Foundation models pretrained on large-scale datasets via self-supervised learning demonstrate exceptional versatility across various tasks. Due to the heterogeneity and hard-to-collect medical data, this approach is especially beneficial for medical image analysis and neuroscience research, as it streamlines broad downstream tasks without the need for numerous costly annotations. However, there has been limited investigation into brain network foundation models, limiting their adaptability and generalizability for broad neuroscience studies. In this study, we aim to bridge this gap. In particular, 1) we curated a comprehensive dataset by collating images from 30 datasets, which comprises 70,781 samples of 46,686 participants. Moreover, we introduce pseudo-functional connectivity (pFC) to further generates millions of augmented brain networks by randomly dropping certain timepoints of the BOLD signal; 2) we propose the BrainMass framework for brain network self-supervised learning via mask modeling and feature alignment. BrainMass employs Mask-ROI Modeling (MRM) to bolster intra-network dependencies and regional specificity. Furthermore, Latent Representation Alignment (LRA) module is utilized to regularize augmented brain networks of the same participant with similar topological properties to yield similar latent representations by aligning their latent embeddings. Extensive experiments on eight internal tasks and seven external brain disorder diagnosis tasks show BrainMass's superior performance, highlighting its significant generalizability and adaptability. Nonetheless, BrainMass demonstrates powerful few/zero-shot learning abilities and exhibits meaningful interpretation to various diseases, showcasing its potential use for clinical applications.

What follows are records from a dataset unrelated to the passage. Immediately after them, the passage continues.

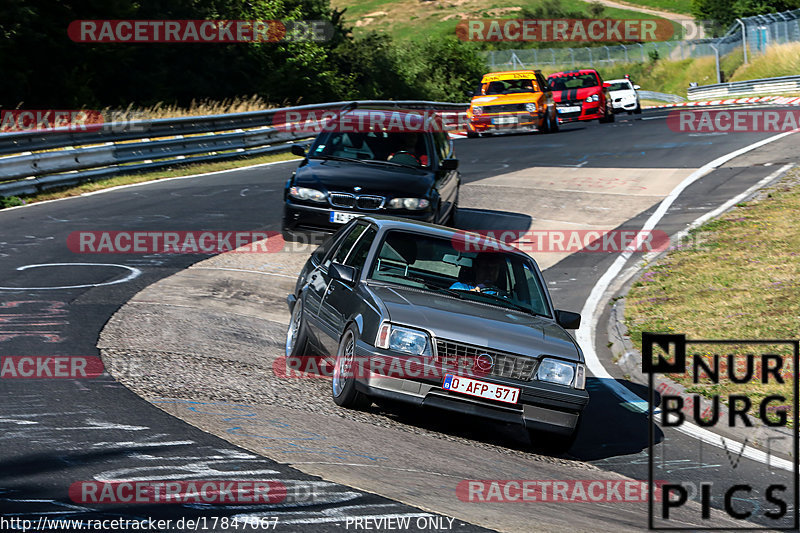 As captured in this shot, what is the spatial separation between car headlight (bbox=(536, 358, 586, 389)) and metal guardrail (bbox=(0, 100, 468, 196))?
42.0ft

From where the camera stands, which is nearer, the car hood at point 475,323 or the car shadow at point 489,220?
the car hood at point 475,323

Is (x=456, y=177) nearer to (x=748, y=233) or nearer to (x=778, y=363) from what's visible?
(x=748, y=233)

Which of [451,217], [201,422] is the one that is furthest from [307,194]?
[201,422]

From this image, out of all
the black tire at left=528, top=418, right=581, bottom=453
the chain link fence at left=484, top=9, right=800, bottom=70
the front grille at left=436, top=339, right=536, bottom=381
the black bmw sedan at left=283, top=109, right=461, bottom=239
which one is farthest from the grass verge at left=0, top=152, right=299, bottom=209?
the chain link fence at left=484, top=9, right=800, bottom=70

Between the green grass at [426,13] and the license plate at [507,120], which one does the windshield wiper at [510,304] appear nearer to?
the license plate at [507,120]

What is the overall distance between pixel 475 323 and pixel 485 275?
112 cm

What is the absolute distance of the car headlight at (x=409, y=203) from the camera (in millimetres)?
13398

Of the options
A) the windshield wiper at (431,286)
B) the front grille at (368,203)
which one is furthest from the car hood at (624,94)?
the windshield wiper at (431,286)

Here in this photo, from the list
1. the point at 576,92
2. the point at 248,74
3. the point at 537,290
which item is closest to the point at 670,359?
the point at 537,290

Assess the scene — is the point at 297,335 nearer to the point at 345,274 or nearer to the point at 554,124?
the point at 345,274

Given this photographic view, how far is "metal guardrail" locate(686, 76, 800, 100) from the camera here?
43844 mm

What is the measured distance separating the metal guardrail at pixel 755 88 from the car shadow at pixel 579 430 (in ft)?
→ 124

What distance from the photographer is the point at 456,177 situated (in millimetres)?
15906

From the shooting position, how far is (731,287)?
13.0m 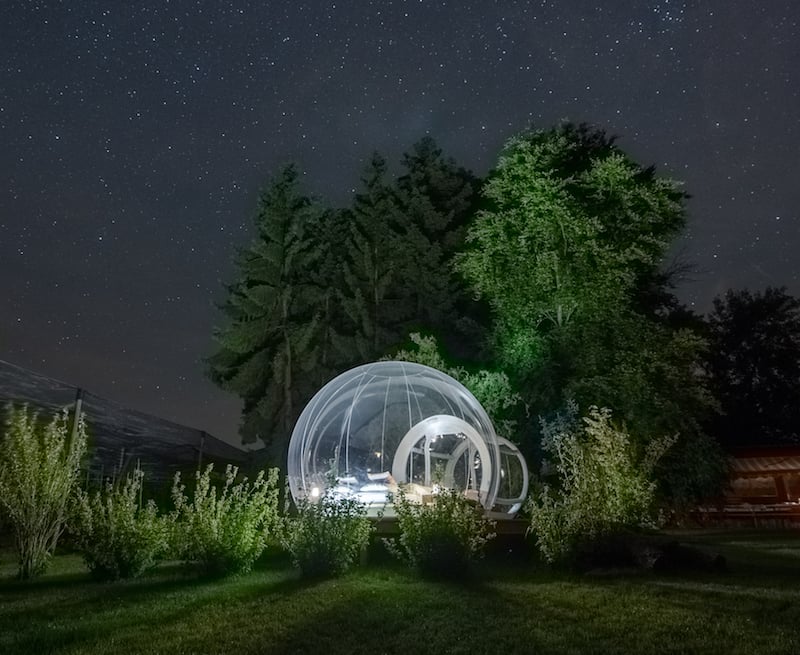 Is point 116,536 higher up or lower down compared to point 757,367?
lower down

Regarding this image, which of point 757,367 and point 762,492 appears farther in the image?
point 757,367

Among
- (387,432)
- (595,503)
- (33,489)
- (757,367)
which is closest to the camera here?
(33,489)

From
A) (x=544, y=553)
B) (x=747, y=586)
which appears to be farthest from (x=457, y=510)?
(x=747, y=586)

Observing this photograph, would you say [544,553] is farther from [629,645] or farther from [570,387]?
[570,387]

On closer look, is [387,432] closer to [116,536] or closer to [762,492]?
[116,536]

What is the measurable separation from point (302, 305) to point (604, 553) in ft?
59.9

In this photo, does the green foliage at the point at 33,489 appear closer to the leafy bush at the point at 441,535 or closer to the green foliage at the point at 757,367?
the leafy bush at the point at 441,535

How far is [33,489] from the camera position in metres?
7.34

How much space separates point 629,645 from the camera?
4273mm

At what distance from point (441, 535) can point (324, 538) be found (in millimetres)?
1295

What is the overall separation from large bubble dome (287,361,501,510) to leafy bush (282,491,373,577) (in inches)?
151

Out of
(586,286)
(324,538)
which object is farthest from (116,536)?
(586,286)

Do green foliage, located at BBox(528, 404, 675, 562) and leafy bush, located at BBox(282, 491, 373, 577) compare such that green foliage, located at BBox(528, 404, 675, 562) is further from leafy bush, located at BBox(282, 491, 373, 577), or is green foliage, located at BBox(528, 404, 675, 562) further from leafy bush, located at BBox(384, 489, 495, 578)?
leafy bush, located at BBox(282, 491, 373, 577)

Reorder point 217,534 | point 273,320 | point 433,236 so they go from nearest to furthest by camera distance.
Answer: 1. point 217,534
2. point 433,236
3. point 273,320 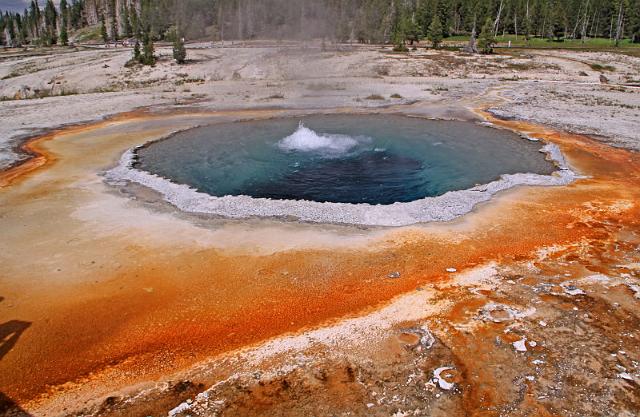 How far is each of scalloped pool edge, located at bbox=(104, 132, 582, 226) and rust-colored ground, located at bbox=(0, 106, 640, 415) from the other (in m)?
0.40

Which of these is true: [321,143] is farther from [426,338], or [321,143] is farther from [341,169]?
[426,338]

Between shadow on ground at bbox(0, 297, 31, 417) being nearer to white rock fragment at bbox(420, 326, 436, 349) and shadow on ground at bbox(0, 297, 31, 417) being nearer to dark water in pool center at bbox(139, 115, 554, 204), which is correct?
white rock fragment at bbox(420, 326, 436, 349)

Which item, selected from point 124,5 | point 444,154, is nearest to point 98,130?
point 444,154

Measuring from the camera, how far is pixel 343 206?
9.30m

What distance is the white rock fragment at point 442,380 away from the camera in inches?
183

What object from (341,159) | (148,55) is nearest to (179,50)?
(148,55)

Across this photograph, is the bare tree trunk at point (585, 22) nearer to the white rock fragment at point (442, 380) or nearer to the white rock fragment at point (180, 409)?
the white rock fragment at point (442, 380)

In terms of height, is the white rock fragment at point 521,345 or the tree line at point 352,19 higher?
the tree line at point 352,19

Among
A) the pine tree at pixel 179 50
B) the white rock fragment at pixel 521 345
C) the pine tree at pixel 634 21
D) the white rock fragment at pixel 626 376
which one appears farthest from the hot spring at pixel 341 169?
the pine tree at pixel 634 21

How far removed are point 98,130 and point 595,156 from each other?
1621 centimetres

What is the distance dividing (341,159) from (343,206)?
4741 millimetres

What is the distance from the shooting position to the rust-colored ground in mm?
5215

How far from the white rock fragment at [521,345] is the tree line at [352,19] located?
17.7m

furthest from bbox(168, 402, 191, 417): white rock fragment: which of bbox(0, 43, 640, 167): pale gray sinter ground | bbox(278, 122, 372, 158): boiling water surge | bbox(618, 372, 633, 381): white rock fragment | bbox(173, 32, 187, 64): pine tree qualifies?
bbox(173, 32, 187, 64): pine tree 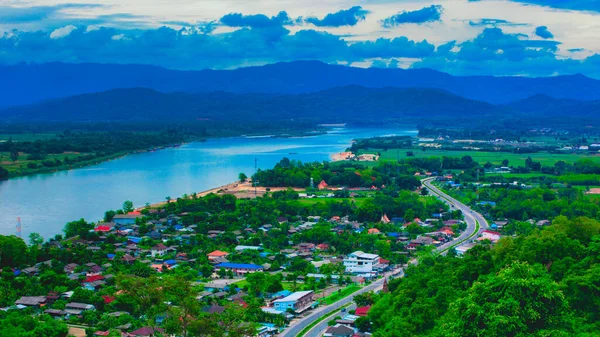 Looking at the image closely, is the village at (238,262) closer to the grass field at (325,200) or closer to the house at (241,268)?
the house at (241,268)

基于大规模数据集的自监督学习预先训练的基础模型在各种任务中表现出非凡的多功能性。由于医疗数据的异质性和难以收集,这种方法特别适用于医学图像分析和神经科学研究,因为它可以简化广泛的下游任务,而无需大量昂贵的注释。然而,针对脑网络基础模型的研究还很有限,限制了它们在广泛的神经科学研究中的适应性和泛化能力。在这项研究中,我们旨在弥合这一差距。具体来说,1)我们通过整理来自 30 个数据集的图像,汇集了一个全面的数据集,其中包含 46686 名参与者的 70781 个样本。此外,我们引入了伪功能连接(pFC),通过随机丢弃 BOLD 信号的某些时间点,进一步生成数百万个增强的脑网络;2)我们提出了 BrainMass 框架,用于通过掩模建模和特征对齐进行脑网络自监督学习。BrainMass 使用掩模-ROI 建模(MRM)来增强网络内的依赖性和区域特异性。此外,利用潜在表示对齐(LRA)模块对同一参与者的增强脑网络进行正则化,通过对齐其潜在嵌入来产生具有相似拓扑属性的相似潜在表示。在八个内部任务和七个外部脑疾病诊断任务上的广泛实验表明,BrainMass 的性能优越,突出了其显著的通用性和适应性。尽管如此,BrainMass 展示了强大的少量/零样本学习能力,并对各种疾病具有有意义的解释,展示了其在临床应用中的潜力。